Reproduce the records below in full and word for word, excluding pictures.

*** Opening of GIVEN ENTRIES ***

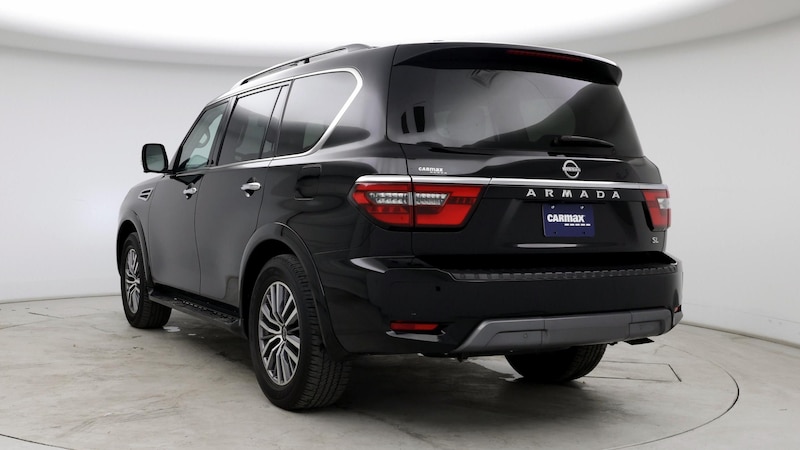 2023 Nissan Armada SL 3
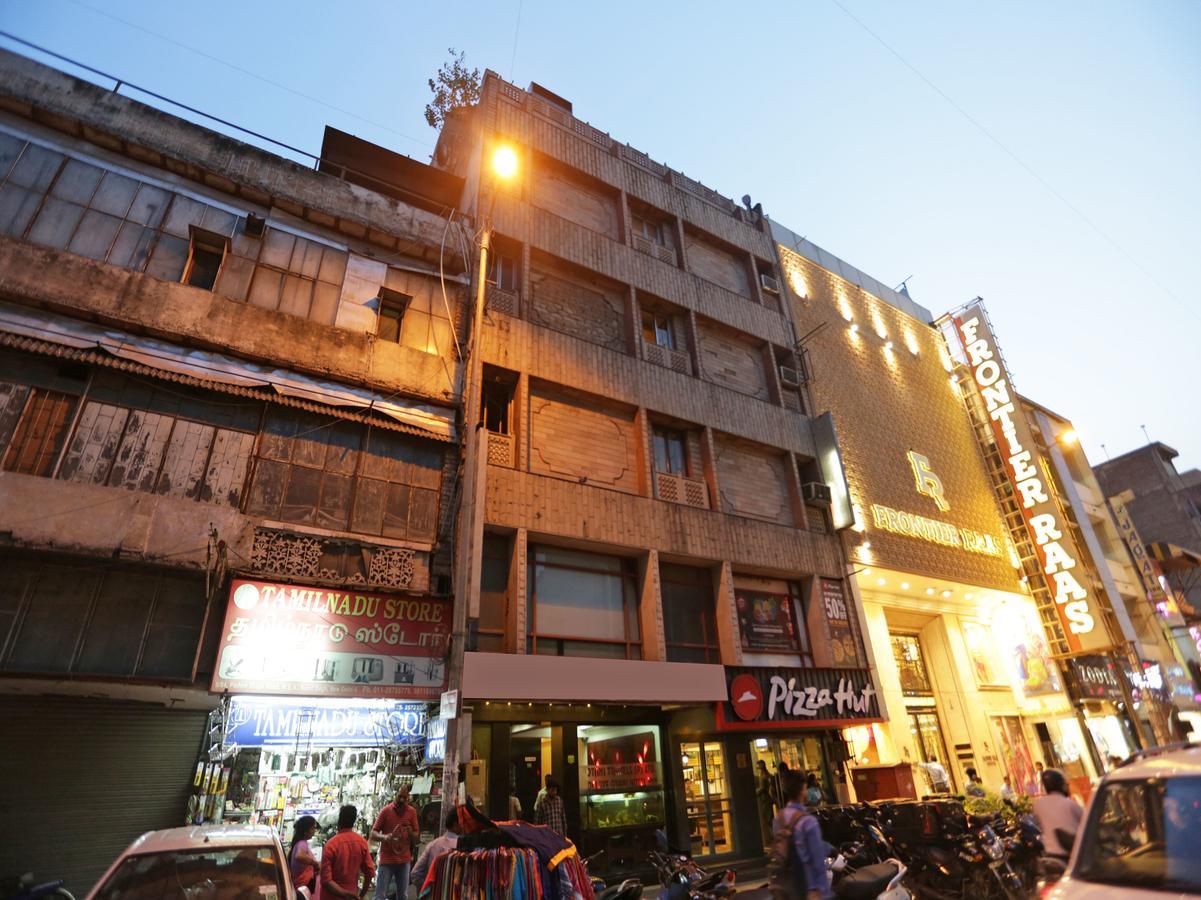 Oyo 13541 Otani Hotel 델리 외부 사진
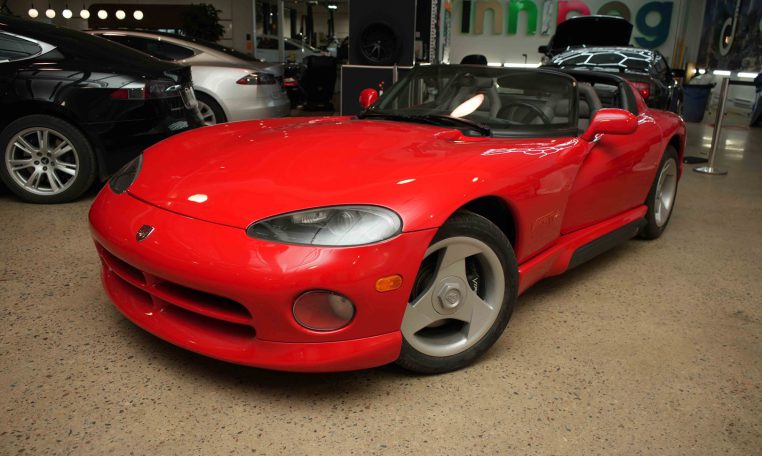 1993 DODGE Viper RT-10 | Very Low Mileage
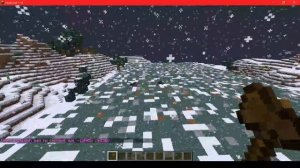 Как создать лес с помощью плагина WorldEdit в minectaft 1.15.x
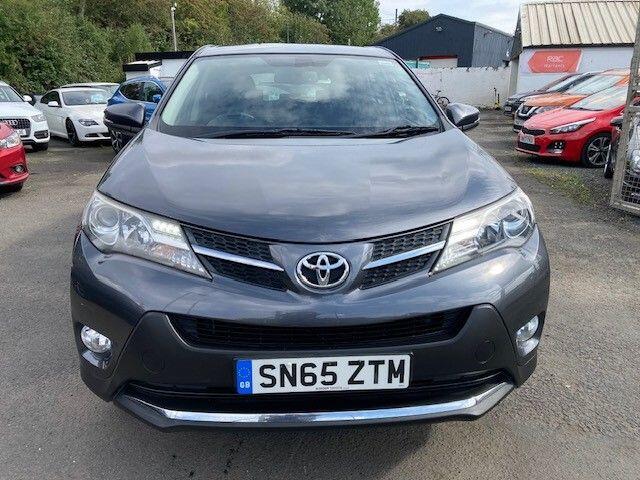 Used Toyota RAV4 2015 for sale - 76991446: Photo 7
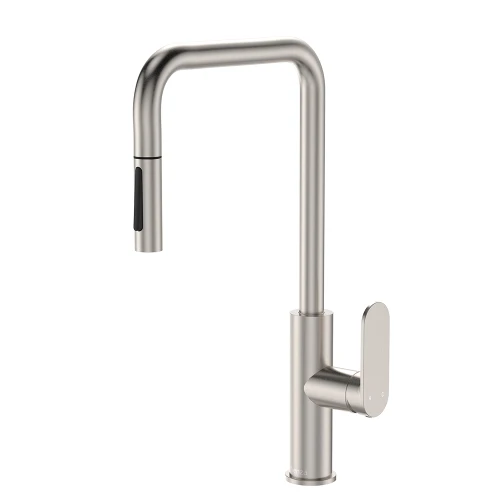 Empire Slim Pull-Out Sink Mixer Brushed Nickel [314484]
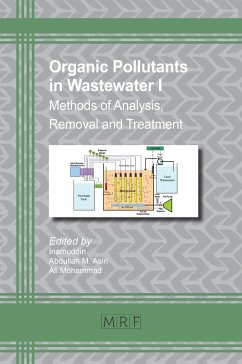 Organic Pollutants in Wastewater I (eBook, PDF)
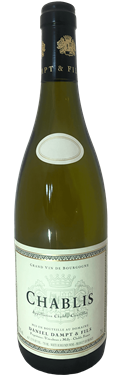 Chablis 2022, Daniel Dampt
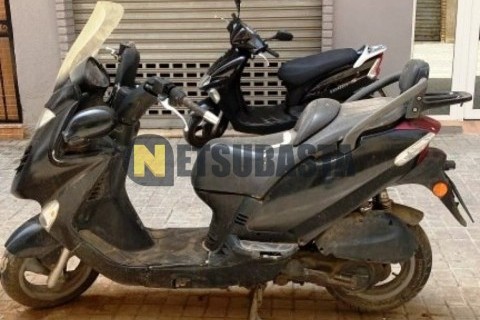 Yamaha NMAX 125 2020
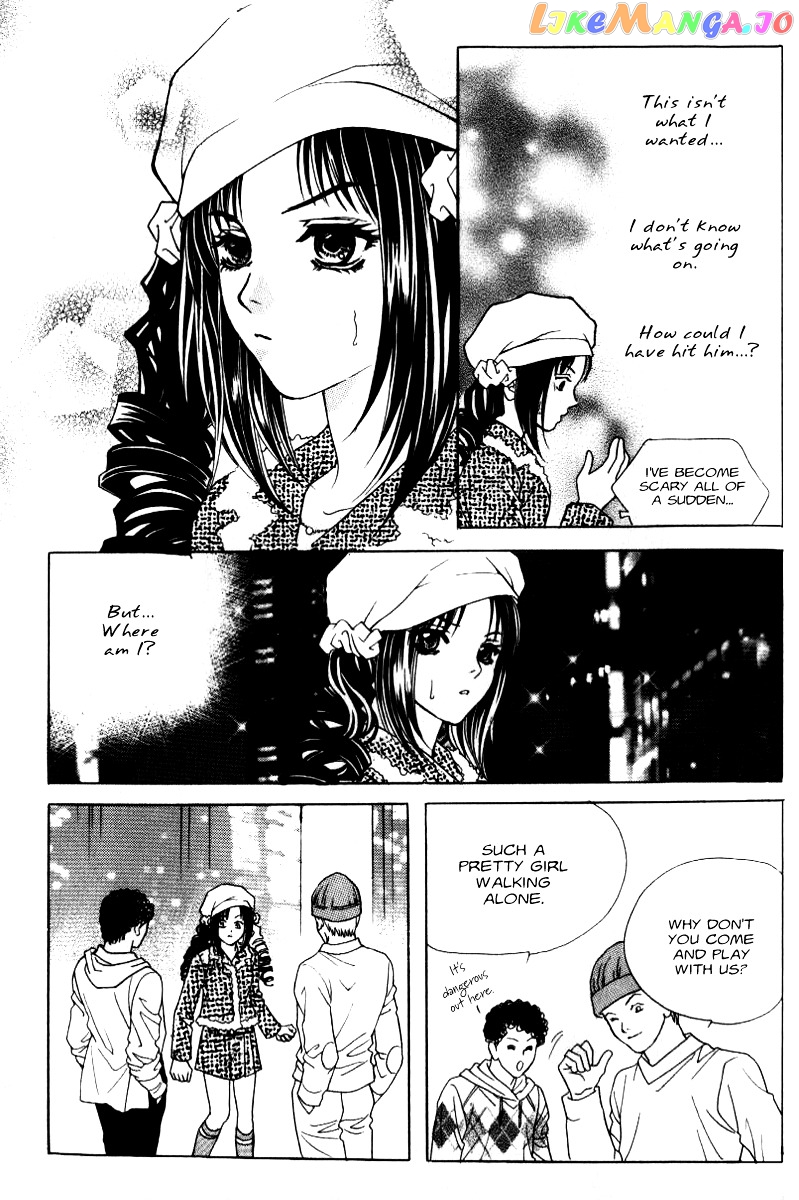 Do You Want To Try? chapter 9 - page 5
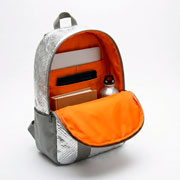 Foto de Mochila Portalaptop Fotorama Eccentric Donkey DK607A92CB Gris 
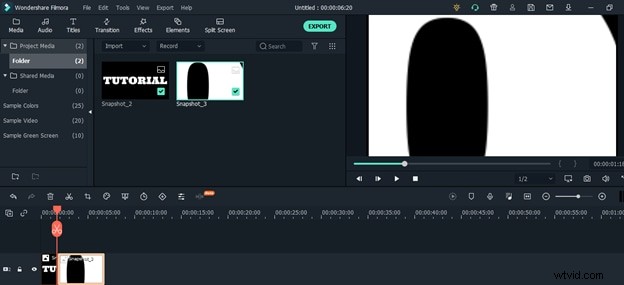 Create Stunning Zoom-Through Text Effects in Filmora: Quick & Easy Tutorial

*** Close of GIVEN ENTRIES ***

▶ _REPLY TO THE EXERCISE_
 2023 Nissan Armada SL 3
 Oyo 13541 Otani Hotel 델리 외부 사진
 1993 DODGE Viper RT-10 | Very Low Mileage
 Как создать лес с помощью плагина WorldEdit в minectaft 1.15.x
 Used Toyota RAV4 2015 for sale - 76991446: Photo 7
 Empire Slim Pull-Out Sink Mixer Brushed Nickel [314484]
 Organic Pollutants in Wastewater I (eBook, PDF)
 Chablis 2022, Daniel Dampt
 Yamaha NMAX 125 2020
 Do You Want To Try? chapter 9 - page 5
 Foto de Mochila Portalaptop Fotorama Eccentric Donkey DK607A92CB Gris 
 Create Stunning Zoom-Through Text Effects in Filmora: Quick & Easy Tutorial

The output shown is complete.